Ci rendiamo conto che in Italia (anticipando per certi aspetti il futuro dello scontro politico nelle metropoli), per come si sono messe le cose, è probabile che si vada allo sfacelo, e proprio come condizione per far ripartire domani una vera azione proletaria di massa. Ma affinché questa s’incammini nella sua via di classe, è necessario che sin da oggi ci sia un’iniziativa militante che lavori in vista di questo appuntamento alla distanza. Ritessendo un ordito programmatico e organizzativo di classe. Portando avanti, sin dalle manifestazioni di settembre, la mobilitazione antileghista tra gli operai sulla base di un programma anti-capitalista, contro il centralismo statale borghese e per l’unità reale (nazionale e internazionle) del proletariato.

E’ tempo di raccogliere la dura lezione che ci viene dalla vicina Jugoslavia.
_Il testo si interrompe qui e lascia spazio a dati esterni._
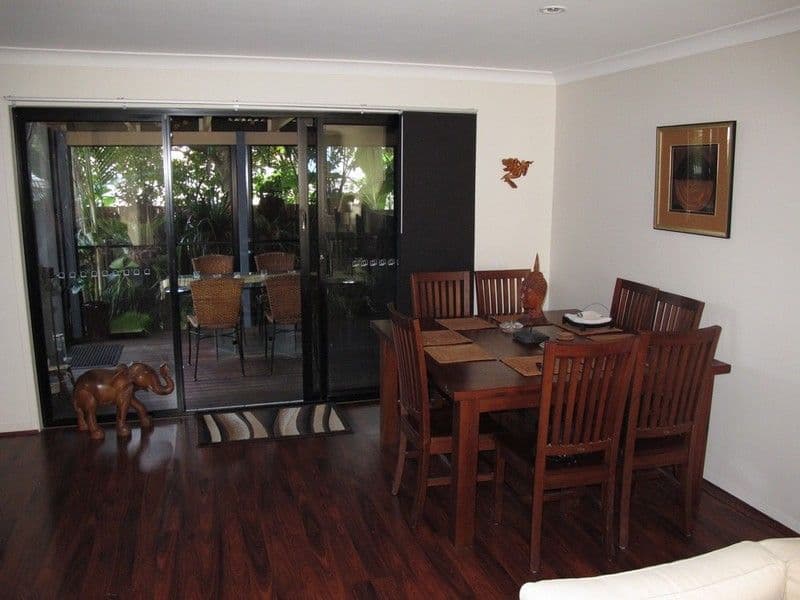 14 Terrigal Crescent, SOUTHPORT QLD 4215, Southport - Thumbnail 4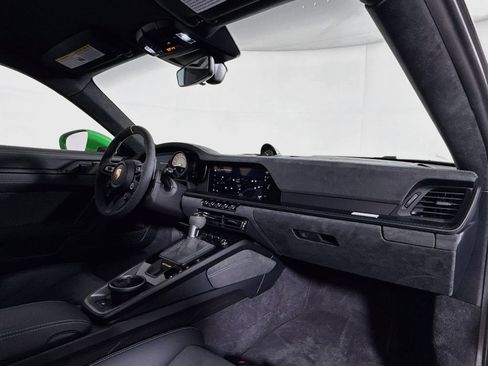 Certified 2023 Porsche 911 GT3 RS RWD image 17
Là, davanti ai pericoli che si profilavano, non c’è stata nessuna forza della sinistra che ha lavorato, sulla base di una programma di classe, per tessere un ordito unitario militante e fargli attraversare l’inferno che si stava preparando. Se la cosa fosse avvenuta, davanti alle delusioni che i proletari hanno conosciuto dopo le "guerre di indipendenza" e il sangue che ne è scorso, le possibilità di una ripresa proletaria sarebbero state enormemente facilitate. Questo non è successo. Questo facciamo che non accada anche in Italia.

(*) Sorvoliamo qui sul fatto che l'iniziativa dei vertici sindacali e le forze di sinistra non fa neanche parte di una seria azione borghese anti-secessione, per la quale -come abbiamo spiegato altre volte- non esistono le condizioni: altrimenti si guarderebbero bene, qui in Italia, a condire il piatto dell'unità nazionale con la salsa del federalismo!